Let me hit you with one of my pro tips: every 10th cook or so, I leave my vents fully open and allow maximum airflow. I let the coals burn out completely until they disintegrate into ashes.
The reason I let my coal burn out is that it’s an easy way to clean my grill and my grill grates. Think of it like the self-cleaning function on your oven. It’s the same principle; cleaning the interior by blasting it with heat.
Look for good quality natural charcoal for your next cook. I like Kingsford – the brand was launched by Henry Ford, who saw charcoal as the perfect use for leftover wood and sawdust from automobile production. They’ve been the industry standard for almost a century.
But the right charcoal is whatever works best for you! Lump charcoal is a popular alternative to the briquette. It’s made from pure hardwood and burns hotter, so if you’re cooking hot and fast as opposed to low and slow smoking, charcoal lumps make plenty of sense.
Lump charcoal is irregularly sized compared to its cousin, the charcoal briquette. There can be a learning curve when using it for the first time. Try to get a good mix of small, medium, and large lumps of charcoal in your starter. If you use too many of the smaller lumps, the charcoal will get compacted, and you won’t get a good fire going.
Charcoal that’s got additives or chemicals is a no-no for me. If you choose to use this type of charcoal, toss the cooled ashes in the garbage – don’t try to recycle them on your plants (more on that in a bit).
This is a problem many backyard BBQ enthusiasts run into – they reuse charcoal, only to find that it produces a fire that takes forever to come to temperature and doesn’t reach that high temperature suitable for most types of charcoal grilling. I’ve got you!
Let me help you out. The problem isn’t with the reused charcoal. The problem is operator error. Make sure you get all the smaller bits of old charcoal to fall into your ash trap. Then add fresh charcoal that’s screaming hot from your chimney starter.
Don’t try lighting old charcoal in your chimney, as that’s a recipe for a poor burn. Use new charcoal. Check that every grill vent is open for maximum airflow, and you’re off to the races.
The dome thermometer on my Kamado cooker goes to 700°F, and I can make that thermometer redline (go past 700°F) using these methods.

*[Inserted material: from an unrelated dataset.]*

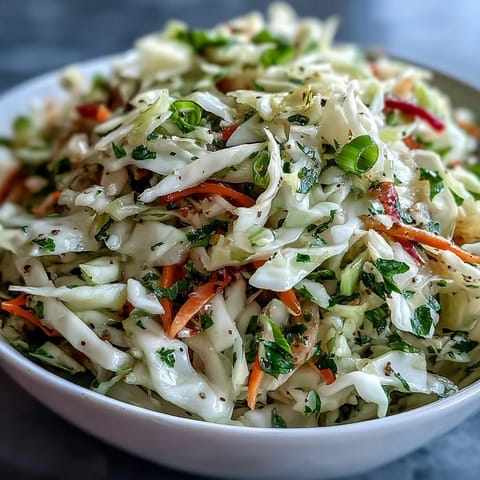 Vibrant Sauerkraut Slaw, a crunchy, tangy German side dish, ready to serve.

You can either toss it in the trash once it’s completely cooled, or you can use spent charcoal on your compost pile. The charcoal needs to be additive free if you’re using it as fertilizer. It’s full of potash (potassium carbonate), which is a nutrient that many plants thrive on. Wait until the ashes have cooled off before using them in your garden.
Don’t add the ash on plants or flowers that like acid – azaleas, hydrangeas, and blueberries spring to mind.

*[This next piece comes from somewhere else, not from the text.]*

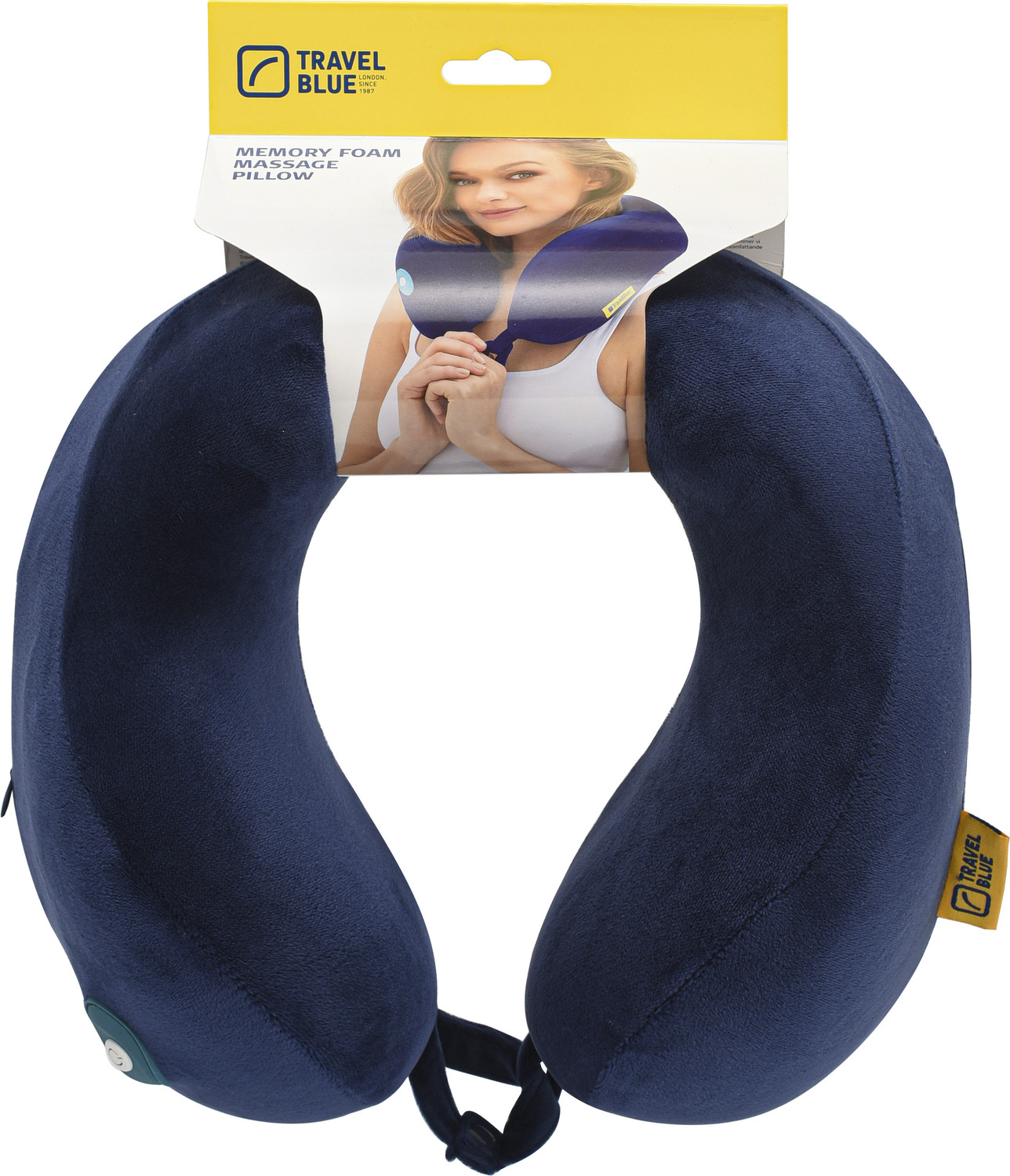 Image of TRAVEL BLUE Memory Foam - Luxury Neck Pillow with Massage Function for Comfort Neck Pillow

There you go, gang, all the info you wanted to know. You readers came here with the burning question, “Can you reuse charcoal?” I’m happy to tell you the answer is a resounding yes. Old charcoal is still good to use – it may look shaggy, but it’s still got plenty of burning power trapped in there. If you like to save money, you’ll love this method.
Just remember to remove any excessive ash and smaller pebbles from the used coals and discard them or use them on your compost pile. Save the large pieces of old charcoal. Add new charcoal from a lit chimney to the old coals, and away you go. That old charcoal still has some life in it!
Follow my guide for the best results from your charcoal grill. I hope all your questions were covered here. Happy charcoal grilling and smoking!